On the eve of the rally set in Unity's rolling, verdant hills, Clinton addressed Hispanic leaders in Washington to thank her supporters for their "passion and determination."

"But every issue you care about personally... is really at risk. We cannot afford four more years of the same," the New York senator said.

"And therefore we have to be determined to chart a new course, and we cannot do that without electing Senator Obama our president," she said to a standing ovation.

The higher forms of political calculation at play in the Clinton-Obama tango, including what role she will take in his campaign and what help he will extend to repaying her debts, were not preoccupying Unity folks.

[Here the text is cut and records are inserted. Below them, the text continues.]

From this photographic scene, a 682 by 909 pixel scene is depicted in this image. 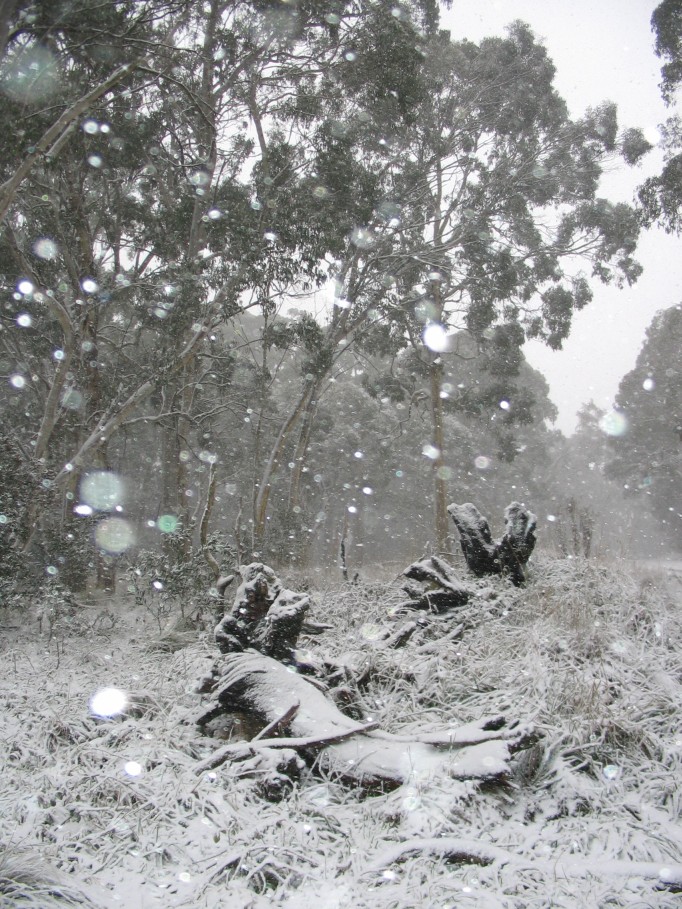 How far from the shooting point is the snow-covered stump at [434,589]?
550cm

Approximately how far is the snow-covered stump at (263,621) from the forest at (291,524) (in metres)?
0.02

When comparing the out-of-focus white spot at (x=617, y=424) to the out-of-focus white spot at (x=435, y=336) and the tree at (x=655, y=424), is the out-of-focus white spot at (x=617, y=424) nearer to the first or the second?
the tree at (x=655, y=424)

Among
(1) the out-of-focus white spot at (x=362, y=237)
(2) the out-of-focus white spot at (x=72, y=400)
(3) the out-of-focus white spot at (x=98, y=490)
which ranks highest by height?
(1) the out-of-focus white spot at (x=362, y=237)

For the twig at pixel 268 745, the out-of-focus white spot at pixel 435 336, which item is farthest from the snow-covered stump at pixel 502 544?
the out-of-focus white spot at pixel 435 336

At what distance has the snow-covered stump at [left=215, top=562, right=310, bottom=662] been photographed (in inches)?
170

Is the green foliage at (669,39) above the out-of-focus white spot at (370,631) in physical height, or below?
above

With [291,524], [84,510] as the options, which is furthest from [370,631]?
[291,524]

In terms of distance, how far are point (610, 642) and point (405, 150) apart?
1396 centimetres

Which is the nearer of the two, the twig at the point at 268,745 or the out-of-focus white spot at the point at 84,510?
the twig at the point at 268,745

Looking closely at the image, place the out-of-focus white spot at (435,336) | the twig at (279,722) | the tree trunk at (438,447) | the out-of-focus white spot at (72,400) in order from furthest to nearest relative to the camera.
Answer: the out-of-focus white spot at (435,336)
the tree trunk at (438,447)
the out-of-focus white spot at (72,400)
the twig at (279,722)

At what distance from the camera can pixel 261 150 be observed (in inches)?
471

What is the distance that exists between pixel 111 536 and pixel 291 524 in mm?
4686

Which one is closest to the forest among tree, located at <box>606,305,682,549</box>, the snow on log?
the snow on log

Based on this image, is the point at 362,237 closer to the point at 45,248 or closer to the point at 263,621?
the point at 45,248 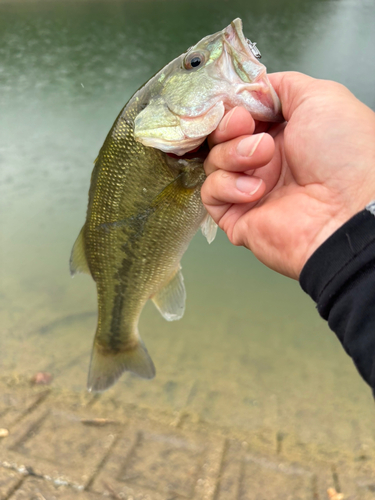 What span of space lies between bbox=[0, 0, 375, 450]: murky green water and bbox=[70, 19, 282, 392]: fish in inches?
39.5

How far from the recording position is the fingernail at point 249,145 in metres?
1.10

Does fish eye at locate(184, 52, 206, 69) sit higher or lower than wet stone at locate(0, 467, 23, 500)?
higher

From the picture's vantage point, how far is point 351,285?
963mm

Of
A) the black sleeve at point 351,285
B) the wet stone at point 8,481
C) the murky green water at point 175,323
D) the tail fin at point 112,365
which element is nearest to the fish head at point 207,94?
the black sleeve at point 351,285

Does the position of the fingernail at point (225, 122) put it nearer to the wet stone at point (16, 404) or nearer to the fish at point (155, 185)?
the fish at point (155, 185)

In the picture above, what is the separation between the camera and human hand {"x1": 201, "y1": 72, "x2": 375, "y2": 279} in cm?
112

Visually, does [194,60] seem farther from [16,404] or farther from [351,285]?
[16,404]

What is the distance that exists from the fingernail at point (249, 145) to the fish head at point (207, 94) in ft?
0.33

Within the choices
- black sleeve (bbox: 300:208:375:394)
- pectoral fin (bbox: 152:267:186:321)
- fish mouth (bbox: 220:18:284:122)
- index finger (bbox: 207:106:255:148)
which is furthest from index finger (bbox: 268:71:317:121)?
pectoral fin (bbox: 152:267:186:321)

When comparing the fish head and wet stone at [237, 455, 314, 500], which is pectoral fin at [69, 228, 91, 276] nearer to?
the fish head

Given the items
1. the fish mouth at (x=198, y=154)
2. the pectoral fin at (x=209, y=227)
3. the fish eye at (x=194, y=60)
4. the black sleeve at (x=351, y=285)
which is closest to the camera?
the black sleeve at (x=351, y=285)

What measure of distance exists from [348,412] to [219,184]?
7.71ft

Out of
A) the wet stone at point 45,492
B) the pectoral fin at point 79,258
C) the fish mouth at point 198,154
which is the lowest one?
the wet stone at point 45,492

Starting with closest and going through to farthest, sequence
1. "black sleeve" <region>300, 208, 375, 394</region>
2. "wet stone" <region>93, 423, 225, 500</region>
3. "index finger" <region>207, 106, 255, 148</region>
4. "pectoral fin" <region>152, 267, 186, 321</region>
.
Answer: "black sleeve" <region>300, 208, 375, 394</region>
"index finger" <region>207, 106, 255, 148</region>
"pectoral fin" <region>152, 267, 186, 321</region>
"wet stone" <region>93, 423, 225, 500</region> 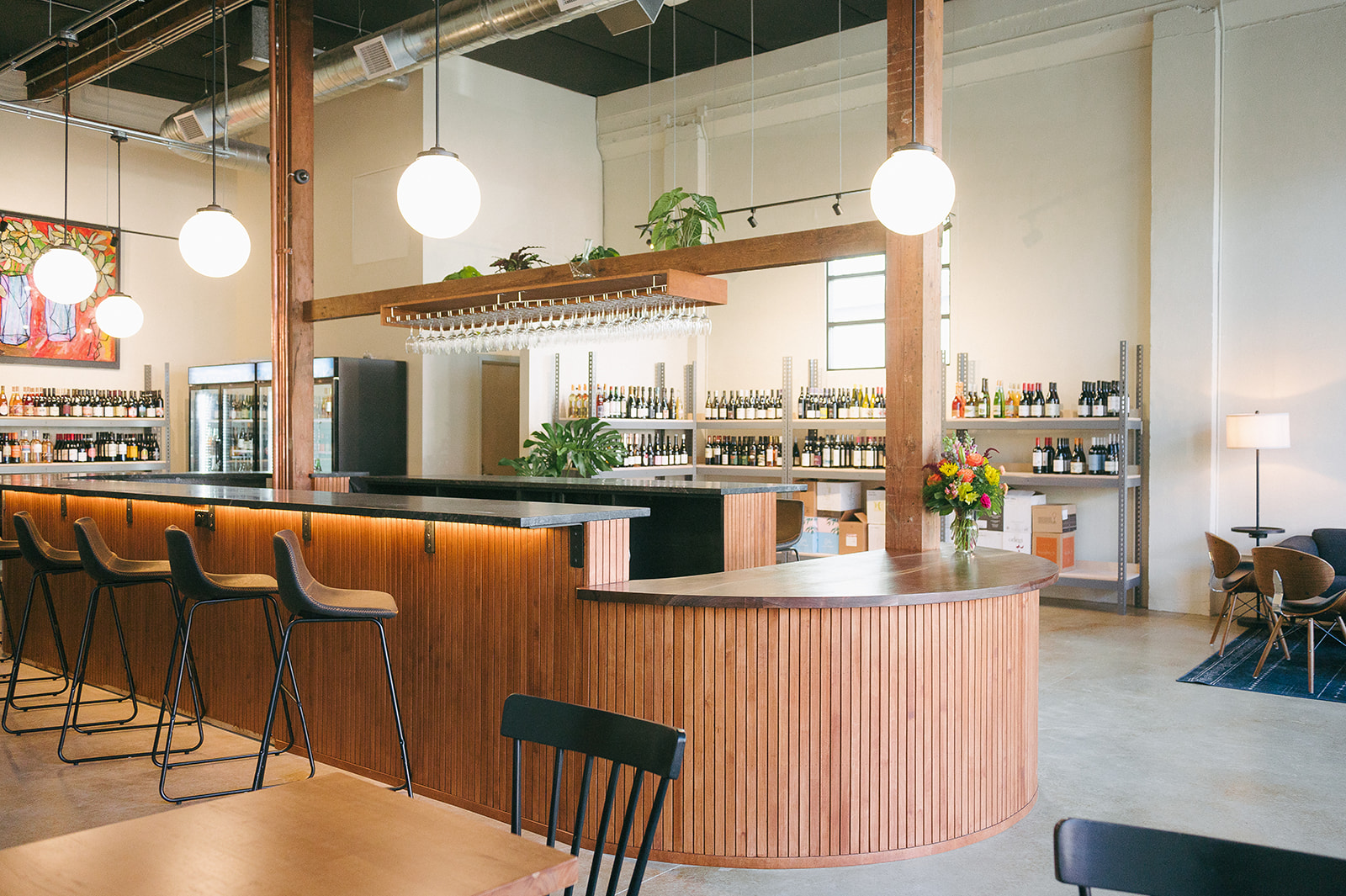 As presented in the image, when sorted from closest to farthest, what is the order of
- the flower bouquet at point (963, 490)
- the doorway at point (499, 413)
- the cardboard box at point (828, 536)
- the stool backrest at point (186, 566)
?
1. the stool backrest at point (186, 566)
2. the flower bouquet at point (963, 490)
3. the cardboard box at point (828, 536)
4. the doorway at point (499, 413)

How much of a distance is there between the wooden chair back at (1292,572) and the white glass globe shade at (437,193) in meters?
4.74

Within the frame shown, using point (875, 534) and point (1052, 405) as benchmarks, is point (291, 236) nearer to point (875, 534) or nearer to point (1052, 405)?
point (875, 534)

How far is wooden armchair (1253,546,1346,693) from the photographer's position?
18.1 feet

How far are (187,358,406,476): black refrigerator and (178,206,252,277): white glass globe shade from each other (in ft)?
12.3

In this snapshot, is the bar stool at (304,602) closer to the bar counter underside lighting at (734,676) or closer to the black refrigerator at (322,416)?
the bar counter underside lighting at (734,676)

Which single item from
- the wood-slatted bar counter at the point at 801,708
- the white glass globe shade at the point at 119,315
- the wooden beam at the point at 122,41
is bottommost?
the wood-slatted bar counter at the point at 801,708

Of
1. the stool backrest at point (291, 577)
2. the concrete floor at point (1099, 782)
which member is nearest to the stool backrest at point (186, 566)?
the stool backrest at point (291, 577)

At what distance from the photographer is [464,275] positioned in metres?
6.16

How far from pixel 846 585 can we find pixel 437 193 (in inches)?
78.9

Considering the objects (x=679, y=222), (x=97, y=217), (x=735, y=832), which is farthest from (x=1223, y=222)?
(x=97, y=217)

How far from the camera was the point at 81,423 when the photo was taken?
8508 millimetres

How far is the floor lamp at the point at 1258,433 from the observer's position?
265 inches

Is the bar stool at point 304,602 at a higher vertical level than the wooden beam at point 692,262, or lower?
lower

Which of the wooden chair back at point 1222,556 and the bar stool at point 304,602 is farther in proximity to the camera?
the wooden chair back at point 1222,556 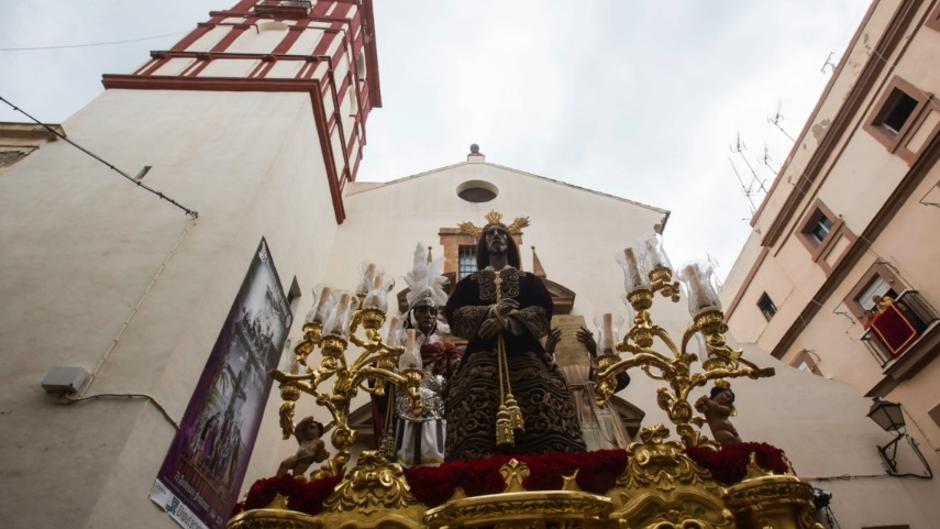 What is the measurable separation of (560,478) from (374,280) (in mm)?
1888

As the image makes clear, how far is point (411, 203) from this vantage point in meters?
11.8

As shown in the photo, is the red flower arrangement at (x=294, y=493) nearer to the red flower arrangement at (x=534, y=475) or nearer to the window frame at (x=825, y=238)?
the red flower arrangement at (x=534, y=475)

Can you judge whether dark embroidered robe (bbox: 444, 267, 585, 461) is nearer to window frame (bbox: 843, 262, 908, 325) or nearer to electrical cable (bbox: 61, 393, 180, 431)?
electrical cable (bbox: 61, 393, 180, 431)

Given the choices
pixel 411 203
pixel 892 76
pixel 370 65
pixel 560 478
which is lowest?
pixel 560 478

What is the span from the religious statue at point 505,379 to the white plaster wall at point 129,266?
3.40 meters

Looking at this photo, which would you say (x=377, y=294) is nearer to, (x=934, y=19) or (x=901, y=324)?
(x=901, y=324)

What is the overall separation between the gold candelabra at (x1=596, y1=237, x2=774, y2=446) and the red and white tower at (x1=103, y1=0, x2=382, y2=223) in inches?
344

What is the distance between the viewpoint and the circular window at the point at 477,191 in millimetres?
12352

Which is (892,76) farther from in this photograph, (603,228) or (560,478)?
(560,478)

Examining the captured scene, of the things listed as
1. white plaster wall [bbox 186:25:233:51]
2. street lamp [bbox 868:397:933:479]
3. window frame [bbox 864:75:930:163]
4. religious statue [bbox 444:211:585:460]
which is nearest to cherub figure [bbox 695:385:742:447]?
religious statue [bbox 444:211:585:460]

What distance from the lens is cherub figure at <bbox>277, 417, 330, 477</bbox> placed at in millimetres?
3594

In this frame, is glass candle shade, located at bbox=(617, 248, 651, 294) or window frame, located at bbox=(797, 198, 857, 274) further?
window frame, located at bbox=(797, 198, 857, 274)

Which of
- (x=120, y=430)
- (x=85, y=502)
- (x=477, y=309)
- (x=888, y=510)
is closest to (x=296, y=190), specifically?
(x=120, y=430)

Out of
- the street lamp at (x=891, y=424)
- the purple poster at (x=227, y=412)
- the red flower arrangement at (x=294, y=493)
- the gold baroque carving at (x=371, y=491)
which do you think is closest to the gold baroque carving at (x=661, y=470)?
the gold baroque carving at (x=371, y=491) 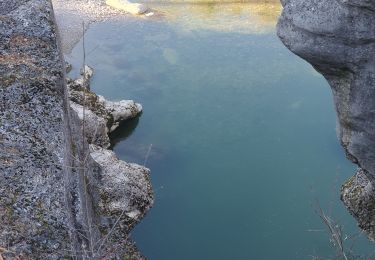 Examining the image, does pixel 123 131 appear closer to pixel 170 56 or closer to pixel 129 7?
pixel 170 56

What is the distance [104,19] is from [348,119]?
63.8 feet

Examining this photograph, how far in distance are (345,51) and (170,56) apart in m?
15.2

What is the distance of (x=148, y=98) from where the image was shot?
20.8 meters

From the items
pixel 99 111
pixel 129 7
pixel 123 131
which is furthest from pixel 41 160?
pixel 129 7

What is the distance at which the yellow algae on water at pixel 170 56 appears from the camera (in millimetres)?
23130

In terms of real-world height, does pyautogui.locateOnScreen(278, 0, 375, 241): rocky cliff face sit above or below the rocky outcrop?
above

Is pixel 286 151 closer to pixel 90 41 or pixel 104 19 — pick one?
pixel 90 41

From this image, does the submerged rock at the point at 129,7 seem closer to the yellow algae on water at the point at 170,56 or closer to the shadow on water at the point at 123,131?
the yellow algae on water at the point at 170,56

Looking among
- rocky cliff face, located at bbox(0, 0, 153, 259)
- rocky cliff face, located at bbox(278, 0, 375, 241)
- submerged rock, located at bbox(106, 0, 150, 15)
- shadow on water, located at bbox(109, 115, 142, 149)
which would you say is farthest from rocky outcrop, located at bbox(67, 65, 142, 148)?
rocky cliff face, located at bbox(278, 0, 375, 241)

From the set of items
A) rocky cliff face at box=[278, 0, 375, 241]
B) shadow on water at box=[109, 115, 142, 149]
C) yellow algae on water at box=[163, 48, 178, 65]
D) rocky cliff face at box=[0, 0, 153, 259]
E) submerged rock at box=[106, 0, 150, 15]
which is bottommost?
shadow on water at box=[109, 115, 142, 149]

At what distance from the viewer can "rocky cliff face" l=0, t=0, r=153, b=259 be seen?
27.8 ft

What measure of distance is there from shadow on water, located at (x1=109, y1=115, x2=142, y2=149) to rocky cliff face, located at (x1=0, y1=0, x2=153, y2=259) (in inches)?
184

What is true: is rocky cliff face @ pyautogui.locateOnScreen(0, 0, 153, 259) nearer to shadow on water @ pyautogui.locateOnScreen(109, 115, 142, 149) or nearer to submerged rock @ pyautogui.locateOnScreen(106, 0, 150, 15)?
shadow on water @ pyautogui.locateOnScreen(109, 115, 142, 149)

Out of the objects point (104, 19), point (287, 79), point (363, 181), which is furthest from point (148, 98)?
point (363, 181) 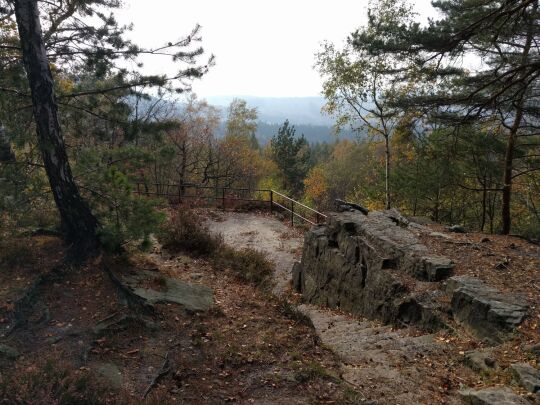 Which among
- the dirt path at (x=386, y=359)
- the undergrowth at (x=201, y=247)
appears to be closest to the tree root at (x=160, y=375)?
the dirt path at (x=386, y=359)

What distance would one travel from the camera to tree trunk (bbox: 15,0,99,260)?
18.2ft

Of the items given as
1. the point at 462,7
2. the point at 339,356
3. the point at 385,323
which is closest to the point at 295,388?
the point at 339,356

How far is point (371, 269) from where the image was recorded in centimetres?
801

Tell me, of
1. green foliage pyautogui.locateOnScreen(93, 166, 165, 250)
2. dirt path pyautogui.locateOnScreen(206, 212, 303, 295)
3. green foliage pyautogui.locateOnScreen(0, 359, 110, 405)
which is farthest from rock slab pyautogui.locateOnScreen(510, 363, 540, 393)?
dirt path pyautogui.locateOnScreen(206, 212, 303, 295)

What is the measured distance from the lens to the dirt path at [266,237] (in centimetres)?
1189

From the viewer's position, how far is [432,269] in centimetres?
698

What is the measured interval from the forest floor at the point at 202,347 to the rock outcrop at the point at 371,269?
1.32ft

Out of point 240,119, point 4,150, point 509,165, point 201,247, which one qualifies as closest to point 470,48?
point 509,165

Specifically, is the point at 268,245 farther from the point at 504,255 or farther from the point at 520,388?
the point at 520,388

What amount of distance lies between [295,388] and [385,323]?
295cm

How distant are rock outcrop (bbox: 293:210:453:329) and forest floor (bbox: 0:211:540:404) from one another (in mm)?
403

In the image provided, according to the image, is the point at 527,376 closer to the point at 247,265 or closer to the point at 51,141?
the point at 51,141

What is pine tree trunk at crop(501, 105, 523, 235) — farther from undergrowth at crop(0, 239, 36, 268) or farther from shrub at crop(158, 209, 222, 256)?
undergrowth at crop(0, 239, 36, 268)

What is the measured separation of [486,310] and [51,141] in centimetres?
644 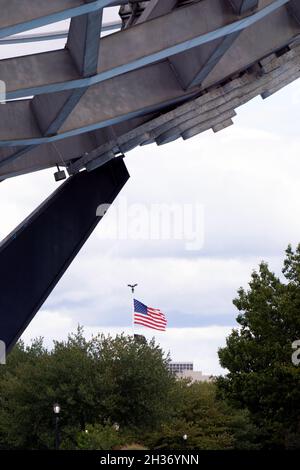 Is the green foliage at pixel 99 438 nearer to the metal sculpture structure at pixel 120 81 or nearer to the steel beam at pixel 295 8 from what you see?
the metal sculpture structure at pixel 120 81

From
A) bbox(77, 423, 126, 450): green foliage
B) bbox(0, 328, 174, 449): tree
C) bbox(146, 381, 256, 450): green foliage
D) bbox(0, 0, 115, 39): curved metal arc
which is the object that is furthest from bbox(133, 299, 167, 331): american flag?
bbox(0, 0, 115, 39): curved metal arc

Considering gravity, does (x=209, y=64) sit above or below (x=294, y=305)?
below

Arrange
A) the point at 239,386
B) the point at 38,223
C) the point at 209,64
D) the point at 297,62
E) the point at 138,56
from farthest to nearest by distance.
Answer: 1. the point at 239,386
2. the point at 38,223
3. the point at 297,62
4. the point at 209,64
5. the point at 138,56

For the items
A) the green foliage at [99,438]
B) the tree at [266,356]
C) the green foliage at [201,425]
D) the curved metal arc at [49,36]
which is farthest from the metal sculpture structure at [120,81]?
the green foliage at [201,425]

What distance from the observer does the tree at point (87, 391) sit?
57.5 metres

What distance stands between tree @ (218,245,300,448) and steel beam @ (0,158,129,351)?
126 feet

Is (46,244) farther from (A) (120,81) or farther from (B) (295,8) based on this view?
(B) (295,8)

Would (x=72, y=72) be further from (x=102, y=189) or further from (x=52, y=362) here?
(x=52, y=362)

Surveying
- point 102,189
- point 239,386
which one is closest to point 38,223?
point 102,189

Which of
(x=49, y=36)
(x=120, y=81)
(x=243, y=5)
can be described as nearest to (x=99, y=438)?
(x=49, y=36)

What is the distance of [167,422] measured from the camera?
6209 centimetres

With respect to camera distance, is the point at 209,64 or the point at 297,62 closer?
the point at 209,64

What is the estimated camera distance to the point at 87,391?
5788 cm

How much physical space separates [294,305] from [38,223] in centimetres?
4132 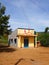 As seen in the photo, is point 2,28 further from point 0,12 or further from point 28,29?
point 28,29

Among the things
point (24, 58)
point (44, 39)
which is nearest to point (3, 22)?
point (24, 58)

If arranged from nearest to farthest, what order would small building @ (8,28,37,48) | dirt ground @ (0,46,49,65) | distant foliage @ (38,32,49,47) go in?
dirt ground @ (0,46,49,65)
small building @ (8,28,37,48)
distant foliage @ (38,32,49,47)

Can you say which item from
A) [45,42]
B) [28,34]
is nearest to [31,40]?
[28,34]

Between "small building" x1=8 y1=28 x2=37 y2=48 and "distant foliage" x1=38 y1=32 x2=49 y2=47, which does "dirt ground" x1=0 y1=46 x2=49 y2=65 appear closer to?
"small building" x1=8 y1=28 x2=37 y2=48

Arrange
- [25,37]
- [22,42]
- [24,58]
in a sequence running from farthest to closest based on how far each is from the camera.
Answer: [25,37], [22,42], [24,58]

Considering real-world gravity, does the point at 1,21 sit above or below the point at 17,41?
above

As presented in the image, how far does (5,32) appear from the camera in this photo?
25766mm

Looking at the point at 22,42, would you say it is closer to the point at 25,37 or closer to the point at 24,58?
the point at 25,37

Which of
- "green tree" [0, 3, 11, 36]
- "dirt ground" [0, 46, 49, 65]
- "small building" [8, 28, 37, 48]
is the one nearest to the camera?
"dirt ground" [0, 46, 49, 65]

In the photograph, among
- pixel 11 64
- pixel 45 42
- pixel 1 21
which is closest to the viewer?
pixel 11 64

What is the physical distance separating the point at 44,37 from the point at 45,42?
140 centimetres

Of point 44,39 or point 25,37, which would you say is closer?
point 25,37

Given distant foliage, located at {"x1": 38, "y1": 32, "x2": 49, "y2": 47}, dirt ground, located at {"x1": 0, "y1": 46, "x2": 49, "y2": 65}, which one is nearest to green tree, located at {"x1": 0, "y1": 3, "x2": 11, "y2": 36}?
dirt ground, located at {"x1": 0, "y1": 46, "x2": 49, "y2": 65}

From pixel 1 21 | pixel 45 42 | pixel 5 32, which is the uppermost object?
pixel 1 21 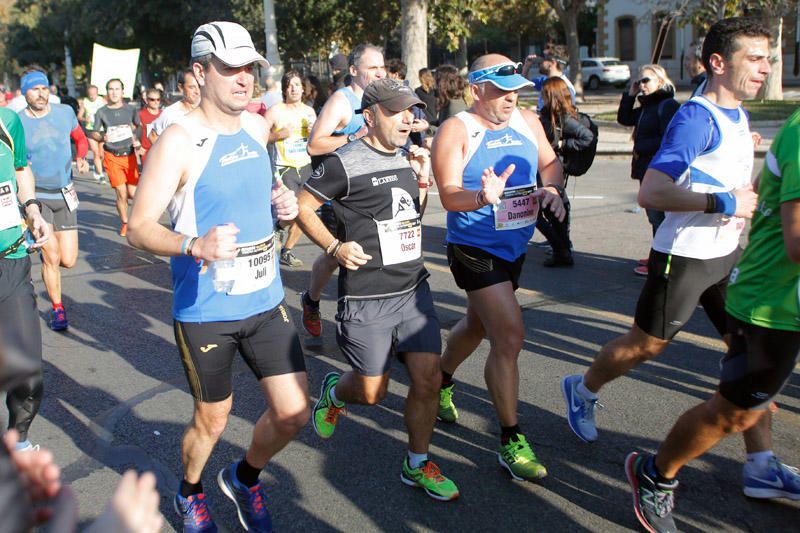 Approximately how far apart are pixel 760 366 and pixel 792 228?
0.52m

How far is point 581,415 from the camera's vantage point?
4.16 m

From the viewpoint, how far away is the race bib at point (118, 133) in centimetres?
1085

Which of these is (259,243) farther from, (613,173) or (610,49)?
(610,49)

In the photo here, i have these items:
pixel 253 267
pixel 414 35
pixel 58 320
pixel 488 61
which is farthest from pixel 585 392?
pixel 414 35

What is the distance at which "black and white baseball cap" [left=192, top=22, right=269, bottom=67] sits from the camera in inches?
122

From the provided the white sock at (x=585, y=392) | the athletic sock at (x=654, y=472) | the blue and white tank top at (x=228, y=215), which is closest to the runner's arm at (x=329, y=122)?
the blue and white tank top at (x=228, y=215)

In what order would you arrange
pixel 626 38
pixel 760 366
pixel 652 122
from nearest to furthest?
1. pixel 760 366
2. pixel 652 122
3. pixel 626 38

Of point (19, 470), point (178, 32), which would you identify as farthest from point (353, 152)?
point (178, 32)

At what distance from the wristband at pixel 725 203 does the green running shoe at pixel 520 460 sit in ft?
4.44

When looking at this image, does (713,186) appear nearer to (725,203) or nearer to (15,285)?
(725,203)

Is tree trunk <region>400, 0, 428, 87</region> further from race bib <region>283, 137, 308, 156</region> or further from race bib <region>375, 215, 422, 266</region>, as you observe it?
race bib <region>375, 215, 422, 266</region>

"It's kind of exciting, because we've never had anything like this before," town treasurer Mary Hall told AFP.

She wore a T-Shirt reading "Unity: The Biggest Little Town in New Hampshire" and listed the town's population at 1100 - although the 2000 census placed it at 1535.

"That's if you include all the cows," her husband Ken said.

Clinton won the New Hampshire primary, after a moist-eyed moment in a coffee shop, to come back after Obama's early January victory in the Iowa caucuses. This set in train five months of coast-to-coast battles that ended with Obama only just ahead.

According to Obama's campaign manager David Plouffe, explaining the choice of the New Hampshire venue, the two Democrats split their vote totals in several other US towns.

"But none were called Unity," he said.

The former first lady had kept a low profile since conceding the Democratic nominating contest to Obama on 7 June, after a bitter campaign that split Democratic loyalties down the middle.

In Washington Obama dug deep into his own pocket late Thursday to help out Clinton as the pair met with her top fundraisers as part of an emotional unity drive.

Obama gave Clinton a personal check for the legal maximum of 2300 dollars, aides said, to help towards cancelling campaign debts of 22.5-million dollars racked up in her ultimately doomed bid for the White House nomination.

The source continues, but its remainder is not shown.